Five months ago NBC and Rupert Murdoch's News Corp. announced plans to build a new online video-sharing site meant to compete with Google's YouTube. Seemed like a bold move, old media firms' first big bid to unseat the upstart rival to their fortune. Save for one problem. The new firm wasn't really real. Not only did it have no site, no videos, no presence whatsoever, it didn't even have a name.
So today it finally gets a name -- it's Hulu, the company announced. Pronounced, I'm guessing, HOO-loo, not huh-luh. The service, though, won't debut for a long time to come.
Hulu is not obviously more dumb than a lot of other Web company names. Plus, many names sound stupid when you encounter them for the first time; Kodak rolls off the tongue today, but back in 1881, I'm guessing people considered it lunatic.
Jason Kilar, the CEO of Hulu, says on the company's new Web site that the firm chose the name because it "is short, easy to spell, easy to pronounce, and rhymes with itself." (Kilar: All words rhyme with themselves. I think you mean it has an internal rhyme.) He adds: "Hulu strikes us as an inherently fun name, one that captures the spirit of the service we're building. Our hope is that Hulu will embody our (admittedly ambitious) never-ending mission, which is to help you find and enjoy the world's premier content when, where and how you want it."
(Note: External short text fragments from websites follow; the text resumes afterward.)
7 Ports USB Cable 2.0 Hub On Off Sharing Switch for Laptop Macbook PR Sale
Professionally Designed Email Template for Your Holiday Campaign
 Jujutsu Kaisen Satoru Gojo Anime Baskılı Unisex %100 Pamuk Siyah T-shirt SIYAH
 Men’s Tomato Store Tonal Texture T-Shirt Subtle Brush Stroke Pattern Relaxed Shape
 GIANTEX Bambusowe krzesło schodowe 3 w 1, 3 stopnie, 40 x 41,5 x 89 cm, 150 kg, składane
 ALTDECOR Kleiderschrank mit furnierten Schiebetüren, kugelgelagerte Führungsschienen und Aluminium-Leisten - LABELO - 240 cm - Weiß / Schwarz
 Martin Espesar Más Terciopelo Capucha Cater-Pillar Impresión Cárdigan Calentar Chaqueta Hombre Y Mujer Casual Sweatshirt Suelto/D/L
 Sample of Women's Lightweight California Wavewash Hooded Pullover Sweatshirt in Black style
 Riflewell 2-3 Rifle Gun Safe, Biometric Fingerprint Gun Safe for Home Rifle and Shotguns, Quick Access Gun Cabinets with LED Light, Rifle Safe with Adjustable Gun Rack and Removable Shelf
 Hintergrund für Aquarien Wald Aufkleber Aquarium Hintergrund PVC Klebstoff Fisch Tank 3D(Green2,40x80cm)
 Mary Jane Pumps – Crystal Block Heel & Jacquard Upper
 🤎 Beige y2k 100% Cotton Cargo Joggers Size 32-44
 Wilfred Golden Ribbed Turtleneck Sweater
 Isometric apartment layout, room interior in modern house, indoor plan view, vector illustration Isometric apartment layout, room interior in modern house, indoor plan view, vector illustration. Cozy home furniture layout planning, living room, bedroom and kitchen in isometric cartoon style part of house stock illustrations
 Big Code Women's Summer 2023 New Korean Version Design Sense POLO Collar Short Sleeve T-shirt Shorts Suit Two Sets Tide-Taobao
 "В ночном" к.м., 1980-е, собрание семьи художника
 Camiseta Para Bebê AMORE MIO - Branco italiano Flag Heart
OK to all that, but if Hulu really wants to take it to YouTube, it just lost the first round. YouTube is one of the most perfect, original names ever to hit the Internet. Unlike Google, Yahoo or Napster, YouTube is descriptive; it says exactly what it is succinctly and cleverly, and it sounds good. While we're at it, other wonderful Net names: Flickr, Friendster -- one of the many names inspired by Napster -- Netflix, Gawker, Defamer, Lifehacker and whatever blog Nick Denton thinks of next.